Le verre est depuis devenu un totem. Un rapide coup d’œil au hashtag #BarBasso démontre qu’on se déplace aussi au bar pour son verre. Celui-ci vient d’ailleurs de faire son entrée au Museo del Design, la toute nouvelle branche de la Triennale, institution culturelle italienne qui propose des expositions autour du design, de la mode et de l’architecture.
Le pouvoir d’attraction du Bar Basso
Les photos collectées sous le hashtag « barbasso» attestent également de la puissance de l’adage « la foule attire la foule». Des milliers de personnes se pressent chaque soir, lors des Design ou Fashion weeks. Le reste de l’année, parole de staff : « c’est en effet plus calme.»
Peut-être y sert-on des Sbagliati un poil plus réussis ? Ils sont en tout cas préparés à toute heure dans le verre de Mirko Stocchetti, à la différence des hauts moments de la créativité milanaise où il faudra arriver tôt pour espérer s’abreuver dans le fameux contenant. Car, en avril 2023, seuls les designers de renom semblaient avoir le privilège de tenir le Saint Graal passé minuit : « Ils savent que, moi, je le volerai pas.» L’histoire ne dit pas où a fini ce verre…
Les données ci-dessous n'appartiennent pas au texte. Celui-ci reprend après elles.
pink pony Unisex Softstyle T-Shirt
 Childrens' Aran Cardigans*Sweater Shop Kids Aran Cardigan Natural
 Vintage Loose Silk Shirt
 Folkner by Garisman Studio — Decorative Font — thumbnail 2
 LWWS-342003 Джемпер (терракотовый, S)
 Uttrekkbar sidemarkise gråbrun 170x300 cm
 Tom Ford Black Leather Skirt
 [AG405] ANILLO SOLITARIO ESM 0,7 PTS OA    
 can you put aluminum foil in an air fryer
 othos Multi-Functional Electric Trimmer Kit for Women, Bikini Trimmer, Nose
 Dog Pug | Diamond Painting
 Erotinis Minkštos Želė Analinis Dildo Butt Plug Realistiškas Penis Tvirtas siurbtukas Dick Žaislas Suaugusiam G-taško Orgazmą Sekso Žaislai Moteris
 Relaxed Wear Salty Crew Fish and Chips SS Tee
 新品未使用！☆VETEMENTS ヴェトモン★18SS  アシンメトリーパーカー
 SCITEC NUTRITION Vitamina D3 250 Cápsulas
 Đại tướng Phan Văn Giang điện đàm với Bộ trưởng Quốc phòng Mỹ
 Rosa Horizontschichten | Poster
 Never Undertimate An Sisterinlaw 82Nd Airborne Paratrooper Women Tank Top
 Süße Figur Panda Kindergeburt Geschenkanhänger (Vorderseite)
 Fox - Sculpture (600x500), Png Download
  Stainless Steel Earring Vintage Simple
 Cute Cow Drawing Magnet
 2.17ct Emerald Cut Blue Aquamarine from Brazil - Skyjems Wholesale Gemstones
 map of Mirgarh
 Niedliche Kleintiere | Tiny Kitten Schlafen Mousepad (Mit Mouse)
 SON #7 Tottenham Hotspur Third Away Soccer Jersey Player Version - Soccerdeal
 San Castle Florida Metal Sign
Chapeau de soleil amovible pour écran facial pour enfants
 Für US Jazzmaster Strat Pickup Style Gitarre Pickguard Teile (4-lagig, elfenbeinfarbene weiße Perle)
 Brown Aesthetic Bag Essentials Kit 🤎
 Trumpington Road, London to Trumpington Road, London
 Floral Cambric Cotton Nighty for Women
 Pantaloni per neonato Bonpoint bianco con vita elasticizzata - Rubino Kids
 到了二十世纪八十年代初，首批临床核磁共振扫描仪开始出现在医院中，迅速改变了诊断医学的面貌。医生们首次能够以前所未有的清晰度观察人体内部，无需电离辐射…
Fait rarissime, le site Highsnobiety, a inauguré à l’occasion de la Design Week milanaise 2023 une collaboration avec le Bar Basso. Peu (ou pas ?) d’établissements peuvent se targuer de la même distinction… Cette collection de t-shirts, hoodies et casquettes tout à fait désirable, portait cette année le bar au firmament du cool. Gageure d’un phénomène qui n’est pas prêt de s’arrêter ?
Si le Bar Basso peut être dangereux pour le porte-monnaie (et pour la santé), un conseil devrait être entendu par tous les jeunes designers ou reporters en herbe de passage à la Design Week de Milan : une soirée passée aux abords du Bar Basso permet une moyenne d’échange de 10 cartes de visite par personne — on a (plus ou moins) compté. Un coup de pouce non négligeable pour sa carrière…
> Bar Basso. Via Plinio, 39, 20133 Milano. Site internet.